To answer the defined research questions, we have applied SLR and SMS with a keyword map review. SLR allows us to perform an in-depth analysis. SMS with a keyword map is employed to visualize and better understand each concept’s real meaning in FIS development, systematize existing solutions of identified complexity issues, and develop the framework of complexity issues and their possible solutions in FIS development.
The obtained analysis results of RQ1 show four main complexity issues: 1) computational complexity, 2) complexity of fuzzy rules, 3) complexity of MF development, and 4) data complexity. The occurrence of those complexity issues in the analysed papers are the following: the complexity of fuzzy rules have the highest occurrence, the complexity of MF development – high occurrence, computational complexity – moderate occurrence, and data complexity – low occurrence. The obtained analysis results of RQ2 show that the same solutions, like genetic algorithms, neural networks, approximation and optimization techniques, etc., are used to solve different complexity issues.
Based on the found answers to the defined research questions, we have proposed a framework of complexity issues and their possible solutions in FIS development. It allows a better understanding of FIS development complexity issues and their possible solutions for the developers.

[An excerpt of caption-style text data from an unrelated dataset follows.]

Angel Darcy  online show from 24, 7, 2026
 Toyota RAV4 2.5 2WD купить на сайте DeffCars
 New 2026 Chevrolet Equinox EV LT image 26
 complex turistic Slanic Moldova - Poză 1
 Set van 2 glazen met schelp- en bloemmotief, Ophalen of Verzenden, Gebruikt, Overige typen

It encourages further research directions on a more effective and efficient FIS development by researchers.
In future research, we are going to do the following:
extend our review to several search sources;
extend our research to examine the synergy effect in FIS;
apply other techniques, like clustering analysis, etc., for co-relationship analysis of complexity issues and their solutions; and
analyse FIS development and deep learning possibilities.
Footnotes
Note that for each complexity issue keyword co-occurrence strength differs. The same cannot be chosen because of different occurrence of complexity issue keywords, which are shown in the brackets.